▸ **What to work on**
In the records below, repeat word for word only the lines starting at the one that contains "สถานการณ์ยางพารา วันที่ 17 กุมภาพันธ์ 2566" and ending at the one that contains "불당파크푸르지오2단지 이미지", pictures excluded.

▸ **Records for this task**
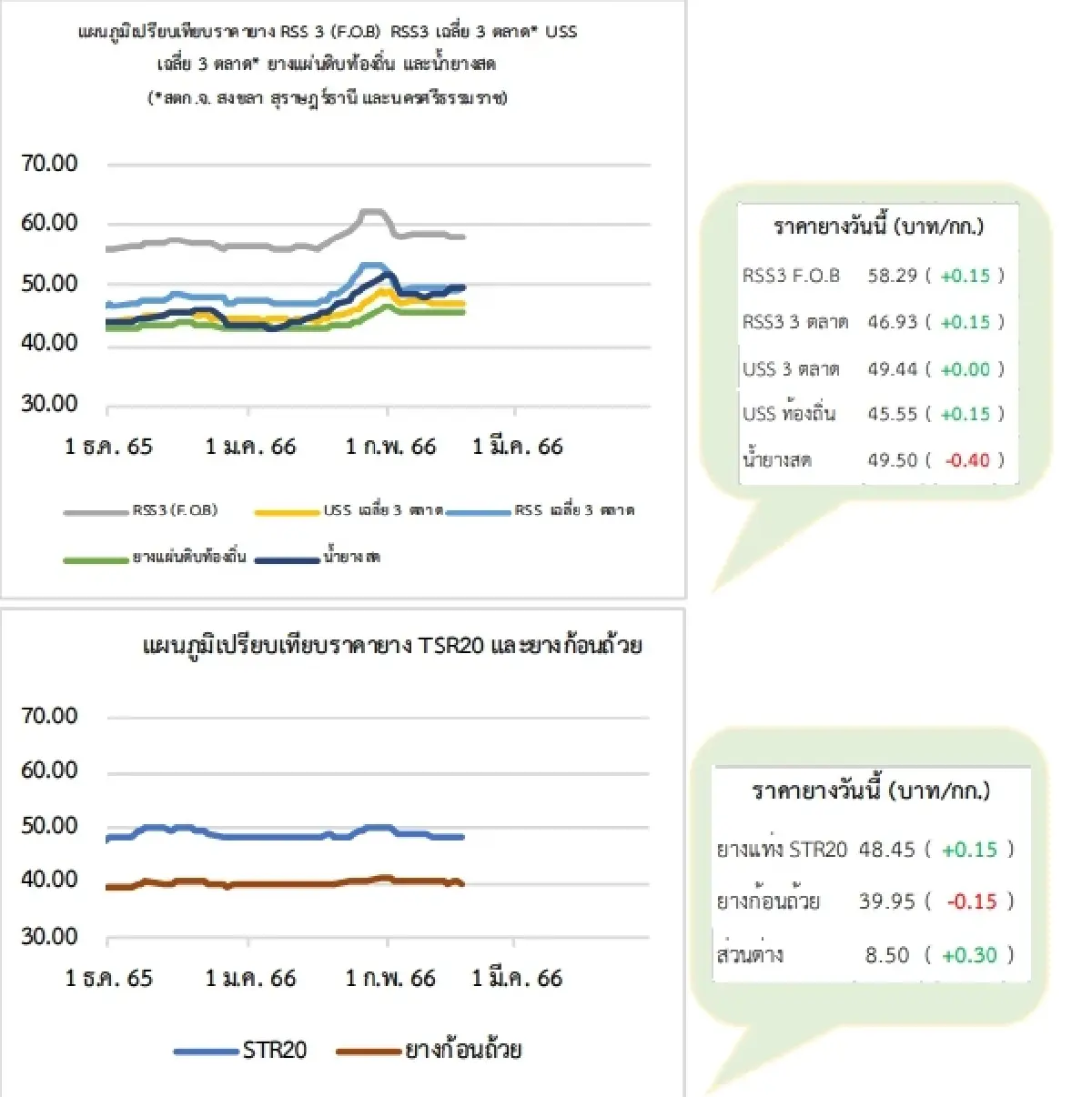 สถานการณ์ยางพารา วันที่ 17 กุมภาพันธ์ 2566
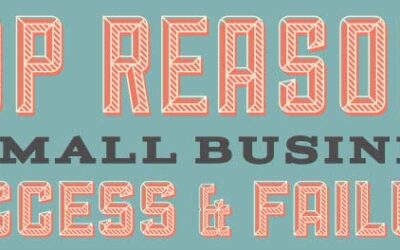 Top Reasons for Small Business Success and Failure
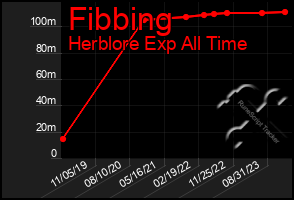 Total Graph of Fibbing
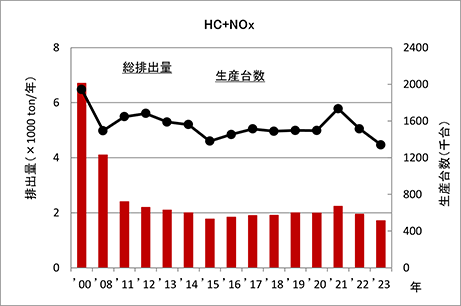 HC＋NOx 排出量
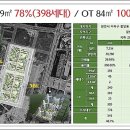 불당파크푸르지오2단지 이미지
==
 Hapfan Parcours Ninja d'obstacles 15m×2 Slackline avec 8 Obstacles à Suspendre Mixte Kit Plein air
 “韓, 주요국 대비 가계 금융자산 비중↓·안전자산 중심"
--
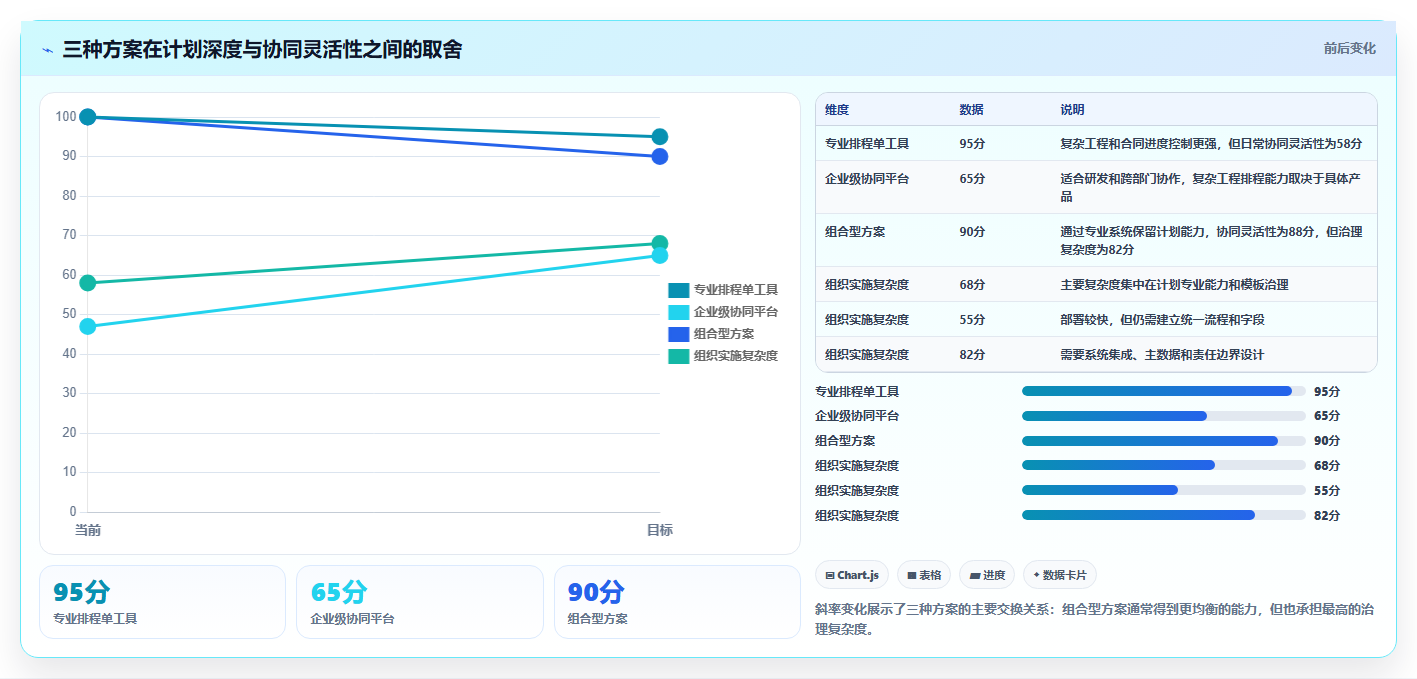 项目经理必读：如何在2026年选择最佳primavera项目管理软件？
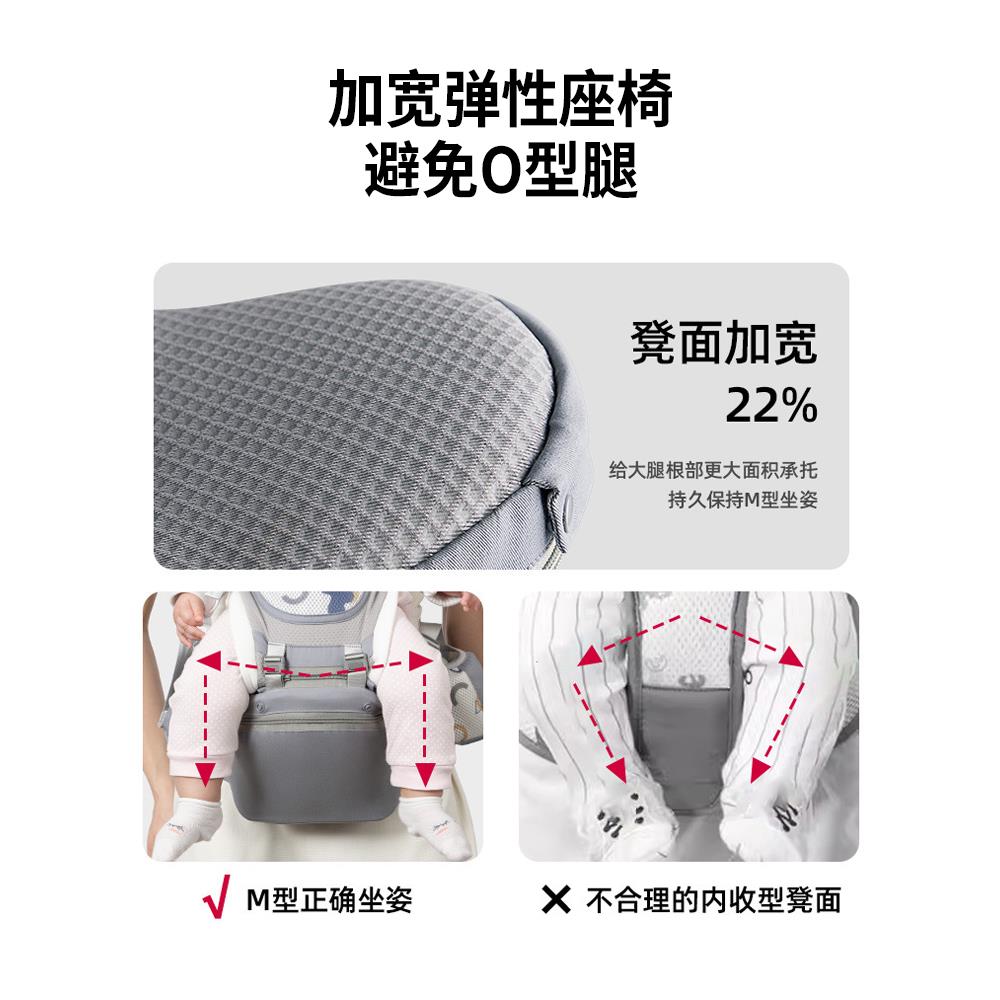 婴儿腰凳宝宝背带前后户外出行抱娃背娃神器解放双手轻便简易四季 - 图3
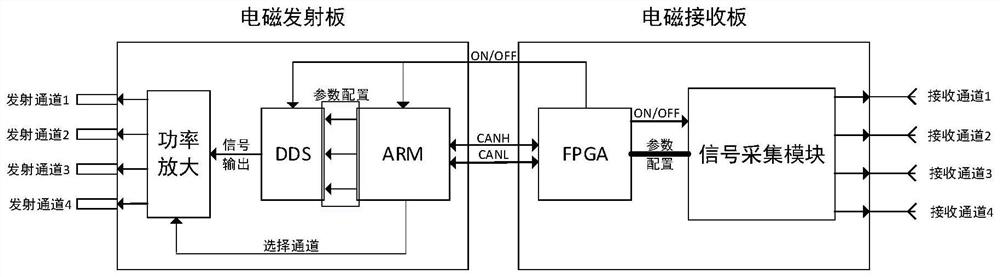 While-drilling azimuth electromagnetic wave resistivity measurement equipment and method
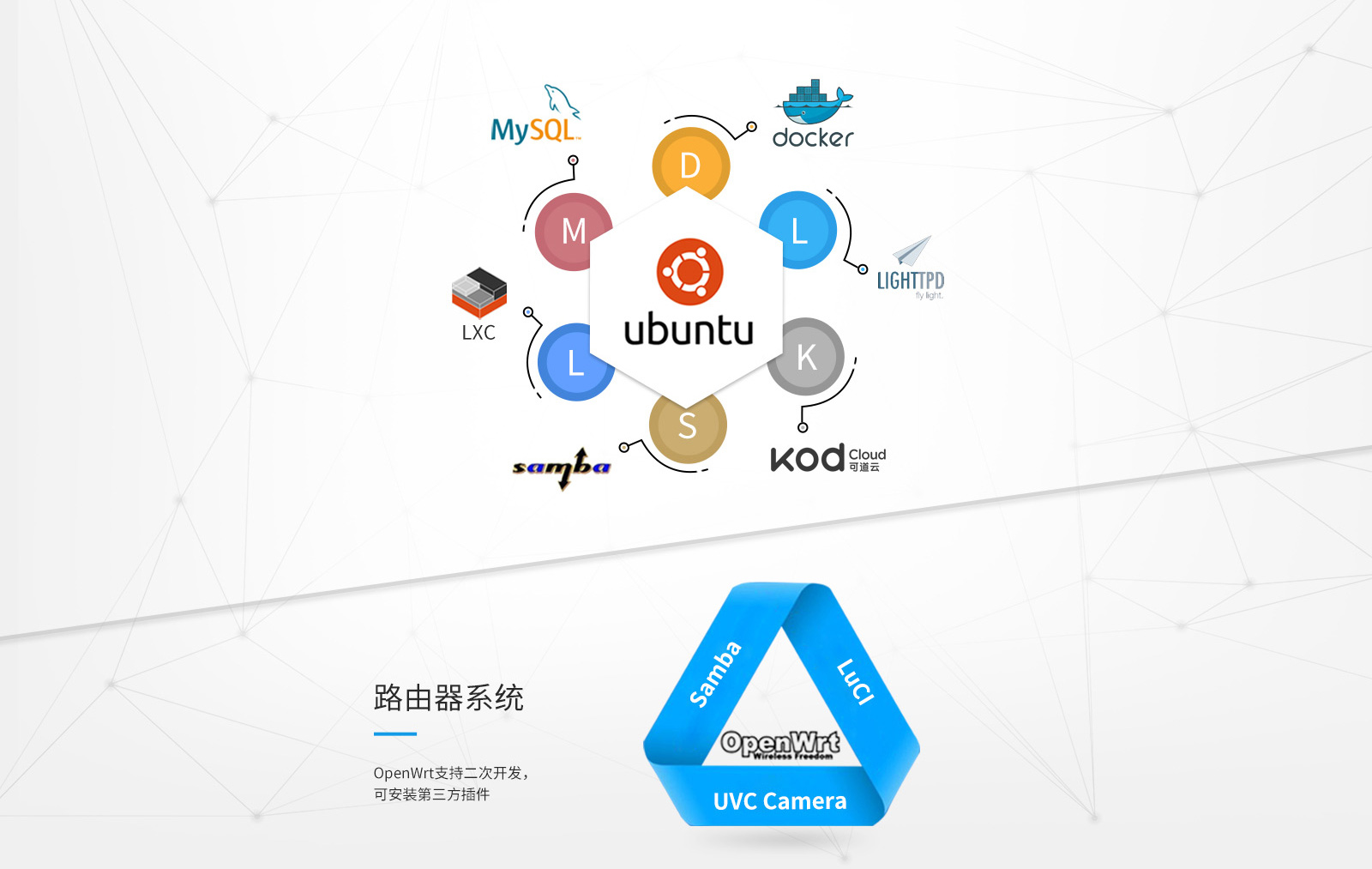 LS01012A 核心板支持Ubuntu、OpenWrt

▸ **Task solution**
 สถานการณ์ยางพารา วันที่ 17 กุมภาพันธ์ 2566
 Top Reasons for Small Business Success and Failure
 Total Graph of Fibbing
 HC＋NOx 排出量
 불당파크푸르지오2단지 이미지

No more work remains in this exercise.